Slow crack propagation in composite restorative materials

Abstract

The double-torsion test technique was used to study slow crack propagation in a set of dental composite resins including two glass-filled and two microfilled materials. The microstructure within each pair was the same but one of the resins was self-curved and the other photocured. The fracture behavior was dependent on the filler concentration and the presence of absorbed water. Wet materials fractured by slow crack growth in the range of crack velocity studied (10⁻⁷ to 10⁻³ m/s), and the microfilled composites, which contain a lower concentration of inorganic filler, had lower stress intensity factors (K_1c) than the glass-filled composites tested. Dry specimens of the microfilled materials and the selfcured, glass-filled composite also showed unstable, stick-slip fracture behavior indicative of a crack blunting mechanism which leads to an elevation of the stress intensity factor for crack initiation over K_1c for stable crack growth. The plasticizing effect of water increased the viscoelastic response of the materials measured by the slope of curves of slow crack growth.
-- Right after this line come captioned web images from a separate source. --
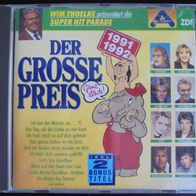 CD Wim Thoelke "Der grosse Preis 1991 / 1992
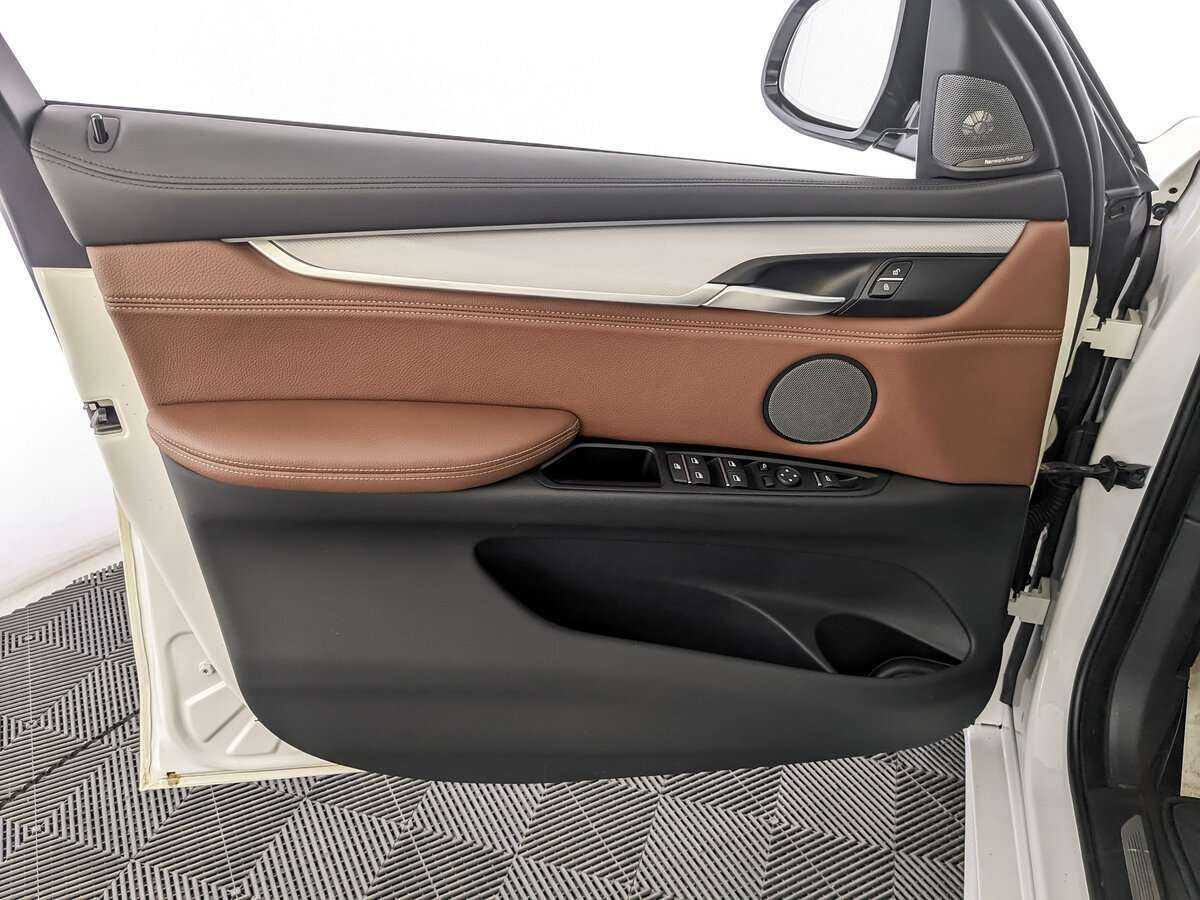 BMW X6 2019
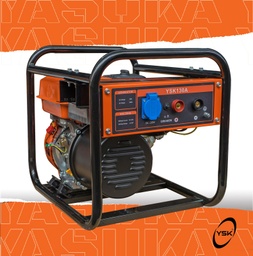 [GSYSK - YSK 130 A YASUKA] GASOLINE WELDER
Analysis of fracture surfaces showed that cracks propagated at low velocities (10⁻⁷ to 10⁻⁵ m/s) by the apparent failure of the filler/matrix interfacial bond, and absorbed water affected the strength or fracture resistance of the interface. At high crack velocities the properties of the composite depend on the properties of the polymeric matrix, the filler, and the filler volume fraction, but at low velocities the interface is the controlling factor in the durability of these composites exposed to an aqueous environment.